2 THE SPACING EFFECT
Numerous studies have shown that distributing a fixed amount of practice over multiple sessions can boost scores on a delayed test–a finding known as the spacing effect (for recent reviews, see Carpenter, 2017; Dunlosky et al., 2013; Kang, 2016). Fewer studies have examined the effect of spacing on mathematics learning, though the available data suggest that spacing can boost mathematics learning, too. Mathematics spacing effects were first found in laboratory studies with college students (Gay, 1973; Rohrer & Taylor, 2006; Rohrer & Taylor, 2007), though one recent lab experiment found only null effects (Ebersbach & Barzagar Nazari, 2020a). Spacing also improved test scores in each of several non-randomized classroom studies, including studies with students in high school geometry (Yazdani & Zebrowski, 2006), college statistics (Budé et al., 2011), and year four mathematics (Chen et al., 2018). Only in the last several years, however, has mathematics spacing been the focus of randomized studies in the classroom, and these too found test score benefits. These include a study with third- and seventh-grade students (Barzagar Nazari & Ebersbach, 2019), two studies fully embedded within a college pre-calculus course (Hopkins et al., 2016; Lyle et al., 2020), and a study in a college statistics course (Ebersbach & Barzagar Nazari, 2020b).
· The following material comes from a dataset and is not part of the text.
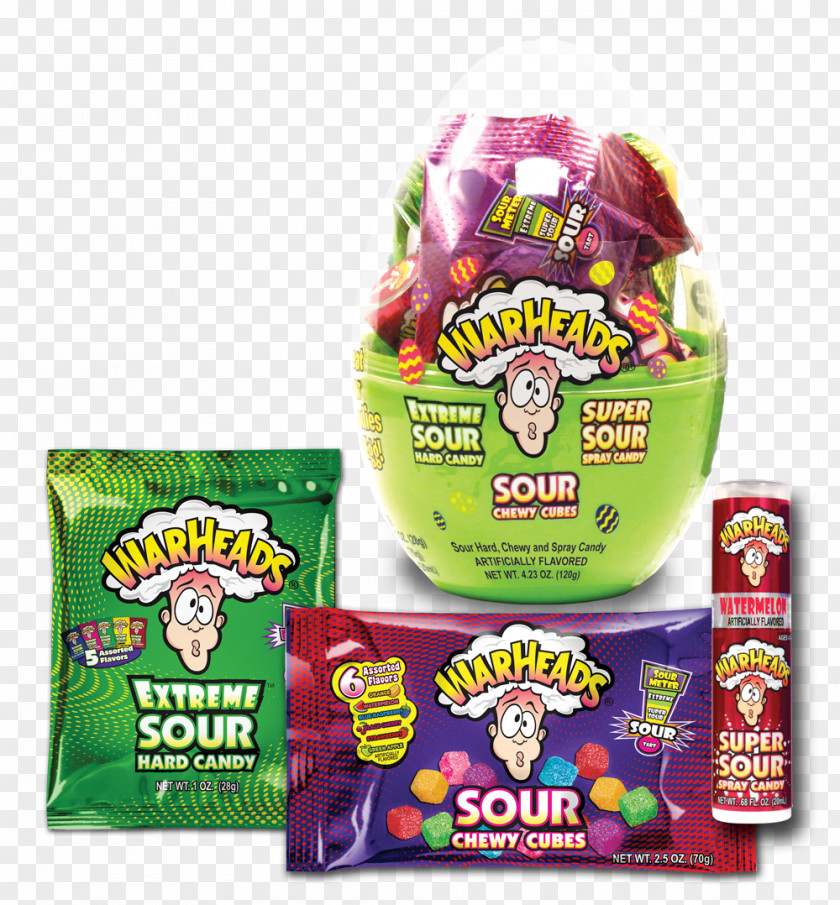 Sour Candy Warheads Flavor PNG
Only a few studies of mathematics spacing have failed to find test benefits, and we suspect that these null effects reflect one or more boundary conditions. For instance, one of the laboratory studies cited above found that the spacing effect disappeared entirely when the test delay was shortened from 4 weeks to 1 week, suggesting that short test delays might reduce or eliminate the spacing effect (Rohrer & Taylor, 2006). Yet a recent laboratory experiment found null effects after both a one-week and five-week test delay, leading the authors to speculate that the nature of the mathematics task might moderate the size of the spacing effect (Ebersbach & Barzagar Nazari, 2020a). The present studies were not designed to test the plausibility of any particular boundary condition, but the results of our studies are incidentally inconsistent with certain possibilities, as we detail in the Discussion. That said, the present studies were designed to assess the effect of mathematics spacing on test scores in a classroom setting.
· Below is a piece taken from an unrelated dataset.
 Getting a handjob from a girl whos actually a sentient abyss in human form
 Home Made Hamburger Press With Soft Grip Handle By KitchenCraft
3 STUDENTS' PREDICTIONS OF TEST PERFORMANCE
The second aim of the present work was to examine how mathematics spacing affects students' judgments of their future performance. Students who can accurately predict their future test performance are better able to make study decisions that are appropriate for their current state of learning (Butler & Winne, 1995; Dunlosky & Rawson, 2012; Thiede, 1999), but previous studies have shown that students' predictions are often poorly calibrated (for a review, see Hacker, Bol, & Keener, 2008). Poor calibration has been observed in various subject areas – including mathematics (e.g., Barnett & Hixon, 1997; Hartwig & Dunlosky, 2017). A common form of poor calibration is overconfidence. In other words, when students are asked to predict their test performance before taking a test, their predictions often exceed their actual scores.
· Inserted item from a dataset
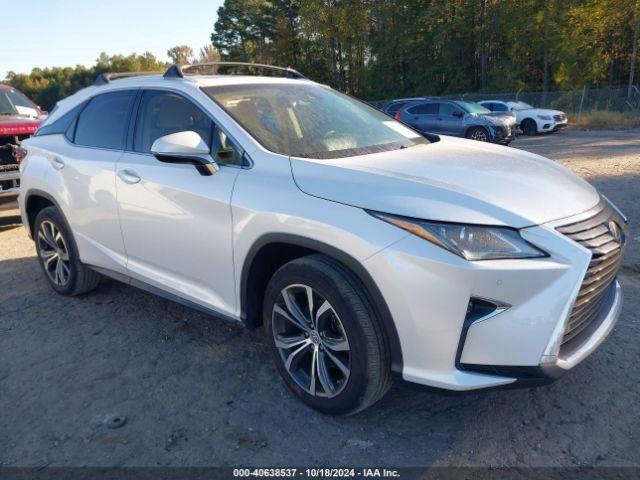  Salvage Lexus RX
Techniques for improving students' prediction accuracy have been explored, with mixed success (Hacker et al., 2008). While some techniques have involved direct metacognitive training, others have relied on students' own experiences with practice. For example, some strategies known to boost students' learning – such as practice testing – may be doubly beneficial because they can also improve prediction accuracy (Little & McDaniel, 2015). Whether the spacing of practice can also enhance prediction accuracy is unclear. Laboratory studies in which participants judged their learning following spaced or massed practice have yielded mixed results with regards to judgment accuracy (e.g., Kornell, 2009; Logan et al., 2012). Importantly, however, the possible benefit of spaced practice on prediction accuracy has not previously been examined in real classrooms or with mathematics materials.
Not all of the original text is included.